Why do people get cold feet? What is it about making decisions which forces even the most discerning business leader into a cold sweat? Is it really worse to make a bad decision than no decision at all?
According to Forbes decision making is a skill which you need to develop. “Leadership and decisioning are inexorably linked” they say. It is true that strong leaders are not afraid of transformation. The best leaders are ones who don’t shirk away from making decisions which may cause unrest or upheaval. Seeing the big picture and understanding the impact of NOT making the decision, are just as crucial as weighing up the short term cost and implications.
Do you want to win, or do you want to watch from the side lines?
You Don’t Know What You Don’t Know
You need to understand what you know and what you don’t. Fill the gaps to the best of your ability.
For a software project you will have to:
- Process a lot of complex information. You understand your business better than anyone but when it comes to choosing a software solution, call in help. Consider submitting an RFI to your chosen vendors so that you are comparing them on a level platform. You could also conduct a feasibility study to help you determine if it is the right project for you to undertake. Sometimes you can get financial help to achieve this.

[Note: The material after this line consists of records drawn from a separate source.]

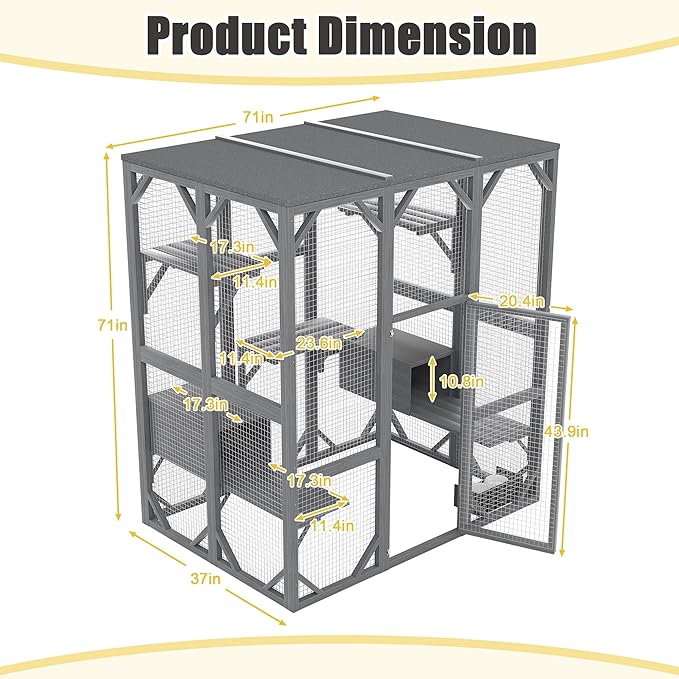 KEIKI Outdoor Cat Enclosure Large, 71" Cat House for Multiple Cats with Waterproof Roof, 3 Tier Cat Cage with 6 Platforms, Weatherproof Outdoor Cat Catio, Gray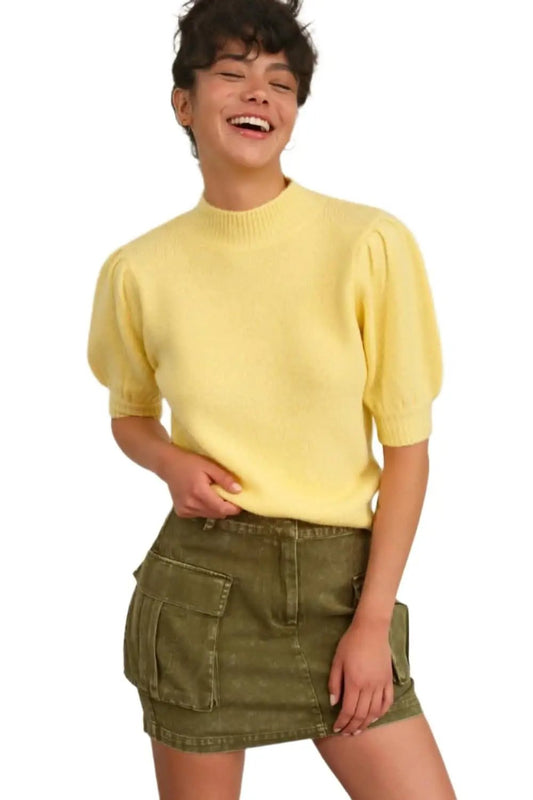 Top - Puff Sleeve Mock Neck - Elevated Knit Style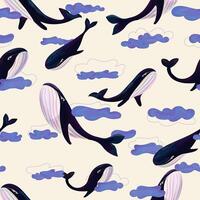 seamless pattern with cute hand drawn whales and clouds. Modern Design for print, fabric, wallpaper, card, baby room decoration, textile. Colorful illustration, overlapping backdrop. vector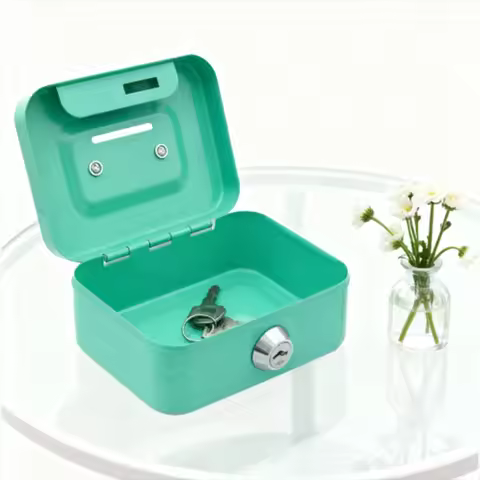 New creative portable piggy bank storage box, small piggy bank with key storage box change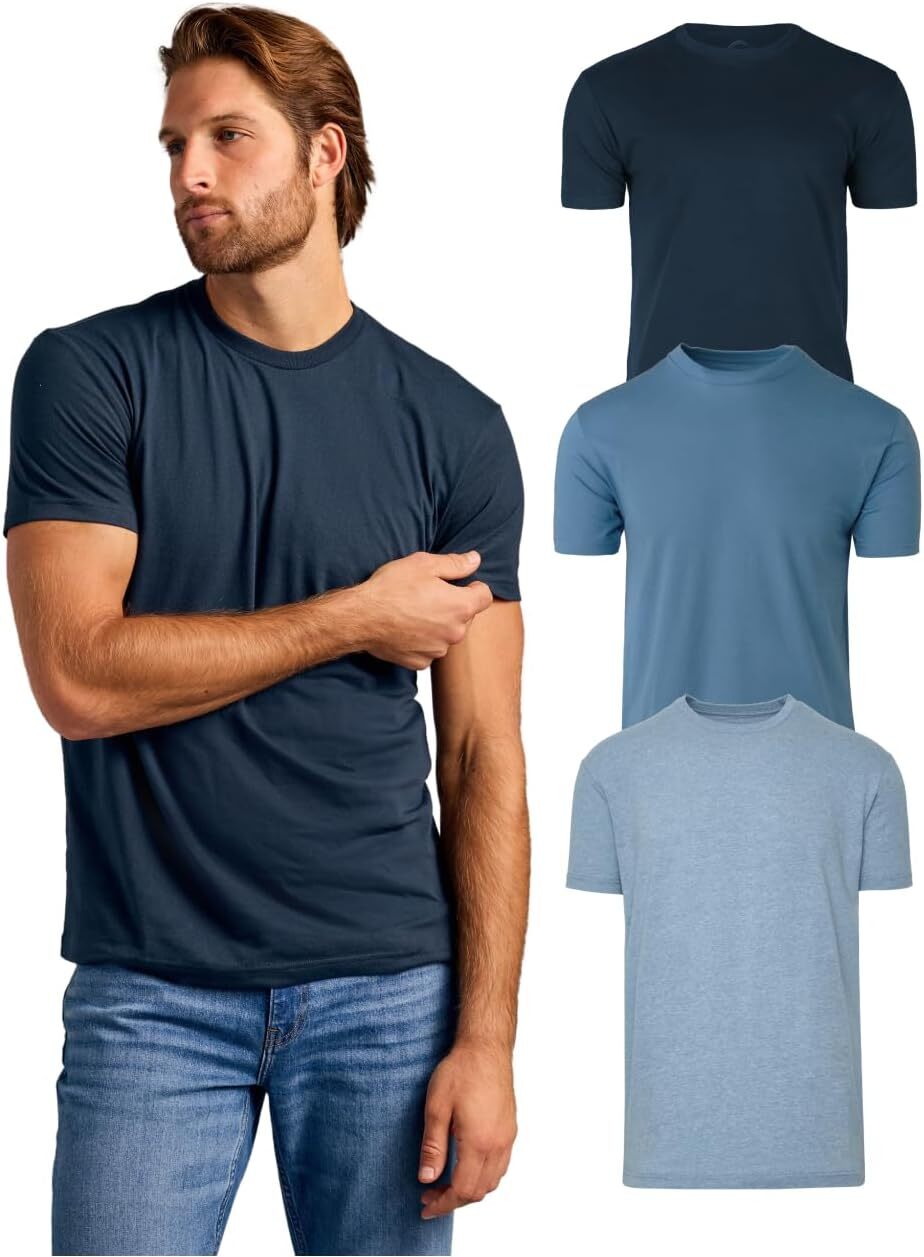 3 Pack Men‘s T-Shirts - Short Sleeve Crew Neck Plain Novelty T Shirt for Men
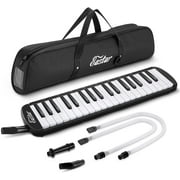 Eastar 37 Keys Melodica, Soprano Melodica Air Piano Keyboard Pianica with 2 Soft Long Tubes, Short Mouthpieces, Carrying Bag, Black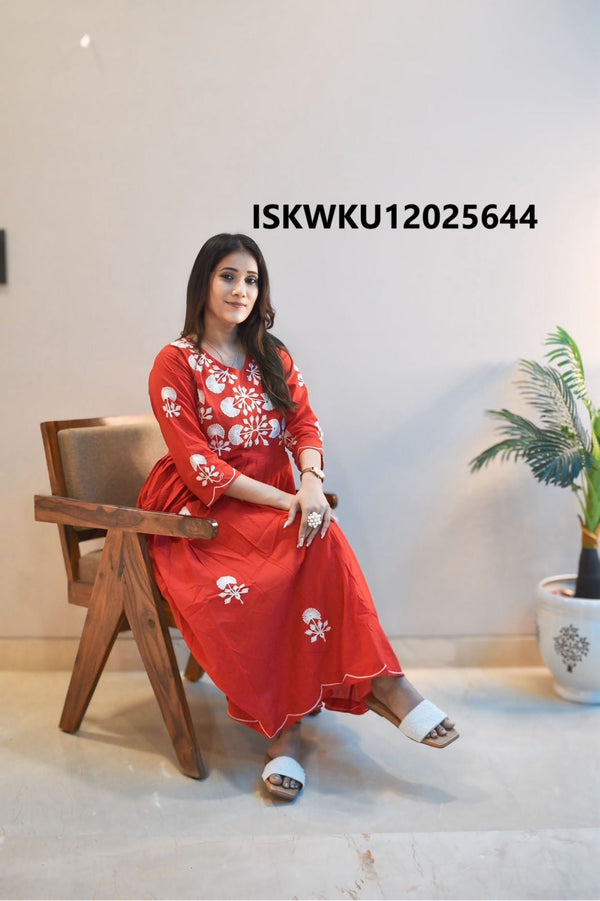 Embroidered Cotton Flared Kurti With Pant-ISKWKU12025644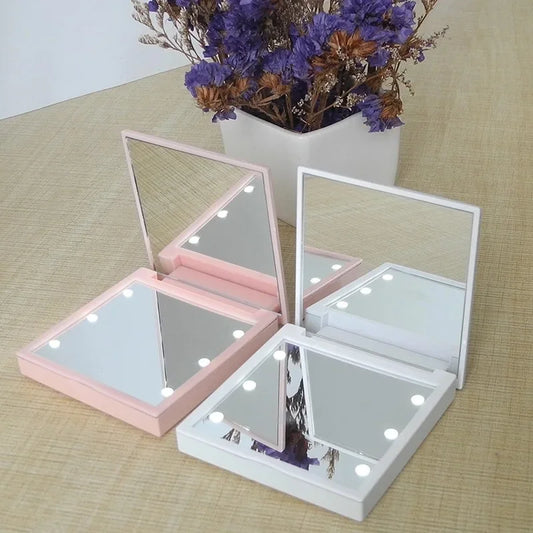 Makeup Mirrors 6 LED Lamps Women Foldable Lights Lady Cosmetic Hand Folding Portable Compact Pocket Mirror Makeup Tools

- Develop a mechanism for filtering out the important from the less important. Consider doing a cost benefit analysis to try and ascertain whether the price of the project really should be an obstacle. Look at the long term impact of the project. Results are not always felt in the first year but ongoing savings add up. And when it comes to staff, by all means canvas opinion, but ensure you examine motives if someone is dead set against the project. No matter how much you value your accountant, for example, don’t let him/her dictate company policy on matters such as these. If they are really that good, they can learn a new system.
- Risk versus reward. What it boils down to at the end of the day is risk versus reward. Will the potential outcome of the decision have a better reward than the status quo? Surely it’s worse to fail to take any decision. Isn’t it time to hedge your bets?
Will Cold Feet Freeze you Out?
In the words of Isaac Asimov – “It is change, continuing change, inevitable change, that is the dominant factor in society today. No sensible decision can be made any longer without taking into account not only the world as it is, but the world as it will be”.
Make sure you’re not frozen by indecision while the world changes around about you.